#### Records shown
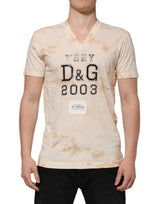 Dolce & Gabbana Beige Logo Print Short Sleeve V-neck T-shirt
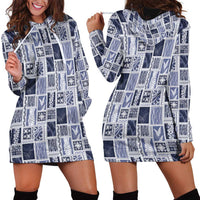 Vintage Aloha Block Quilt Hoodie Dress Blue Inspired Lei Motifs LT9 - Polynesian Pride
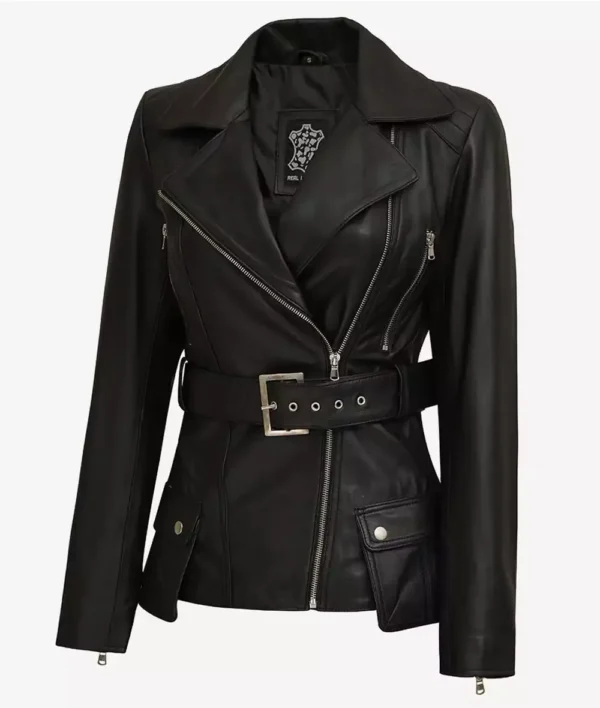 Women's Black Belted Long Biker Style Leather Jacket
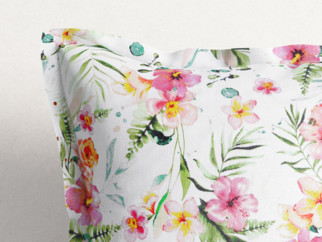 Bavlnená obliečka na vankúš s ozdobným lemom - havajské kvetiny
==
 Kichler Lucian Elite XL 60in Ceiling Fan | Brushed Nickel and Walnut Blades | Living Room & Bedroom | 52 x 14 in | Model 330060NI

#### Exercise instructions
Starting at the line containing "Vintage Aloha Block" and stopping at the line containing "Bavlnená obliečka na", output each line exactly as it appears above. Leave out the pictures.

#### Your solution
 Vintage Aloha Block Quilt Hoodie Dress Blue Inspired Lei Motifs LT9 - Polynesian Pride
 Women's Black Belted Long Biker Style Leather Jacket
 Bavlnená obliečka na vankúš s ozdobným lemom - havajské kvetiny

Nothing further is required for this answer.